▸ **Work instructions**
Below this line is a set of entries; quote exactly the lines from the line that contains "Hero Pack Website Screenshot" to the line that contains "Bulgari Tubogas Bracelet", both lines included.

▸ **Data extracts**
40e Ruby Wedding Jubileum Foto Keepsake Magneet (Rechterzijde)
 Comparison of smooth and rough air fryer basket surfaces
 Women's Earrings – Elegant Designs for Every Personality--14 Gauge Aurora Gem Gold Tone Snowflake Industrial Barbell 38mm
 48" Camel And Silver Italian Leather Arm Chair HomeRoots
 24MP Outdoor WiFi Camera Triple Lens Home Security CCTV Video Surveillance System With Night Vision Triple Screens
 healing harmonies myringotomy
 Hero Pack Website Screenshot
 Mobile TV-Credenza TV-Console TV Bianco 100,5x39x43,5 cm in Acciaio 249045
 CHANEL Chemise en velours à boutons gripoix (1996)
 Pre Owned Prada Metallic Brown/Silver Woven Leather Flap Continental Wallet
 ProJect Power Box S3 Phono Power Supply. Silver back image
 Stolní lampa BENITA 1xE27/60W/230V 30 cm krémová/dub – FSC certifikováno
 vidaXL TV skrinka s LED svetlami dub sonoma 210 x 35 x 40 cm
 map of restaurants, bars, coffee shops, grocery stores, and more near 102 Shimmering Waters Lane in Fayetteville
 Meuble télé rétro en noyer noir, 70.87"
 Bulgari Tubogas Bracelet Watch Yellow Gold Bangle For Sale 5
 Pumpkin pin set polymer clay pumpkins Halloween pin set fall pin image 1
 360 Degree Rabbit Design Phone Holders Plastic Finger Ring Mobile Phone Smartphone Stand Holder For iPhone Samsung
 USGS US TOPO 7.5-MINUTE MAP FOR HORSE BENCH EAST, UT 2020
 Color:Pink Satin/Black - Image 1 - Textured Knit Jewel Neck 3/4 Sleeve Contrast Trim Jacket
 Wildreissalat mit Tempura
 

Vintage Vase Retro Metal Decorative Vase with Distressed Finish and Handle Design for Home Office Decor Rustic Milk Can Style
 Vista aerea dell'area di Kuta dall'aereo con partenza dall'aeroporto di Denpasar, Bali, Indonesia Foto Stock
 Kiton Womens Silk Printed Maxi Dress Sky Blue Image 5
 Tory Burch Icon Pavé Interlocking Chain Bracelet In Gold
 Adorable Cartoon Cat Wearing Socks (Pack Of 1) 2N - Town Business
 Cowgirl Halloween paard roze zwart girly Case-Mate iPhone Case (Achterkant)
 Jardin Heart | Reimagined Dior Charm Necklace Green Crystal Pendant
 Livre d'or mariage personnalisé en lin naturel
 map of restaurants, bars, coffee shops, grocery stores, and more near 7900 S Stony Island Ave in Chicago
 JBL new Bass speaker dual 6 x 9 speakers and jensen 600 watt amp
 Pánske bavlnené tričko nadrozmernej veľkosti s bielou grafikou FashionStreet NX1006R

▸ **Task answer**
 Hero Pack Website Screenshot
 Mobile TV-Credenza TV-Console TV Bianco 100,5x39x43,5 cm in Acciaio 249045
 CHANEL Chemise en velours à boutons gripoix (1996)
 Pre Owned Prada Metallic Brown/Silver Woven Leather Flap Continental Wallet
 ProJect Power Box S3 Phono Power Supply. Silver back image
 Stolní lampa BENITA 1xE27/60W/230V 30 cm krémová/dub – FSC certifikováno
 vidaXL TV skrinka s LED svetlami dub sonoma 210 x 35 x 40 cm
 map of restaurants, bars, coffee shops, grocery stores, and more near 102 Shimmering Waters Lane in Fayetteville
 Meuble télé rétro en noyer noir, 70.87"
 Bulgari Tubogas Bracelet Watch Yellow Gold Bangle For Sale 5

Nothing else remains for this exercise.